One strategic opportunity for small nonprofits can be to combine resources with a larger organization and share their infrastructure. If you are a nonprofit with more debt than assets, or more expenses than revenue, you might consider merging with another nonprofit. My organization completed a merger last year that saved a vital community program. There are many organizations like mine, willing to legally absorb an entity and adopt the staff, to keep the program operating.

A 2016 research project, “Mergers As A Strategy For Success,” found that in two-thirds of mergers studied, the acquired organization approached the acquirer about the merger and that both organizations knew each other well before the merger. You are probably already affiliated with a nonprofit that shares your mission and would consider merging. Consulting firms who specialize in nonprofit mergers in your area can search for both suitable organizations to acquire and become acquired.
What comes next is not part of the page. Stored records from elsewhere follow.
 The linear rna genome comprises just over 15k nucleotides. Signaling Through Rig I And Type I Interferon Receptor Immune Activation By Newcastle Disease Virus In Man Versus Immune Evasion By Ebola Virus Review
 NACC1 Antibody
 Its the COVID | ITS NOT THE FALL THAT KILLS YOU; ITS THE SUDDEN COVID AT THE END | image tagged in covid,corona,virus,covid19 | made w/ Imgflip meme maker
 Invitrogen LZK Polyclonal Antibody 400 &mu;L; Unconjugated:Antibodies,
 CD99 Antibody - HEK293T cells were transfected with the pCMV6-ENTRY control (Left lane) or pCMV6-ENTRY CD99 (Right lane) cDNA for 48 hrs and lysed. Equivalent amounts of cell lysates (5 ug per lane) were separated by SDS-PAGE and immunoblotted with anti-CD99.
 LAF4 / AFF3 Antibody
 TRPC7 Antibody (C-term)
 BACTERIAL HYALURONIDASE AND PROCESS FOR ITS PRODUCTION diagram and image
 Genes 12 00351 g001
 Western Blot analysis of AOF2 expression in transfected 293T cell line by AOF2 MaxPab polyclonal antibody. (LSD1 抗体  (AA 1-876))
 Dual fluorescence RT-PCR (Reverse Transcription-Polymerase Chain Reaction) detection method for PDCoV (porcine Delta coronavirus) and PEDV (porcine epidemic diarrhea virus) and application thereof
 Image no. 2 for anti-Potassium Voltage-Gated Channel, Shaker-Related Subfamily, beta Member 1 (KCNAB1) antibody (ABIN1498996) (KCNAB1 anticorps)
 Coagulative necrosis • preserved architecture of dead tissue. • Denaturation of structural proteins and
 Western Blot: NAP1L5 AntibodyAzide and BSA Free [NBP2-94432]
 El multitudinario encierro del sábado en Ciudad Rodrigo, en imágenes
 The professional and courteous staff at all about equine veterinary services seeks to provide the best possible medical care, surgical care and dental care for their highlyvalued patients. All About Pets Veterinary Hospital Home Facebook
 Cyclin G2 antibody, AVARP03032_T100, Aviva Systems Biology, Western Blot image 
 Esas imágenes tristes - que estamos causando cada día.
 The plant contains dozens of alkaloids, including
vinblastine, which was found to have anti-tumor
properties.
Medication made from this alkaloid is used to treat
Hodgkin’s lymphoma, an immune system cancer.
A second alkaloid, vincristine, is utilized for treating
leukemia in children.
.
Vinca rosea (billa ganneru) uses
Also, a plethora of information on both mergers and fiscal sponsorship is available from the National Council of Nonprofits and Nonprofit Quarterly. There are over 200 fiscal sponsors registered with the National Network of Fiscal Sponsors, and if your project aligns with their mission, they can provide support for you during this economically challenging period. (My organization is a member of both the National Council of Nonprofits and the National Network of Fiscal Sponsors.)

Another way that small nonprofits can survive the anticipated downturns in our economy is to combine their resources with those of other small nonprofits, sharing cash flow and expenses. The most efficient way to do this, in my opinion, is through fiscal sponsorship.

What is a fiscal sponsor, and what is the nature of the agreement? According to Multiplier (formerly the Trust for Conservation Innovation), “A fiscal sponsor is a nonprofit organization that provides fiduciary oversight, financial management, and other administrative services to help build the capacity of charitable projects.”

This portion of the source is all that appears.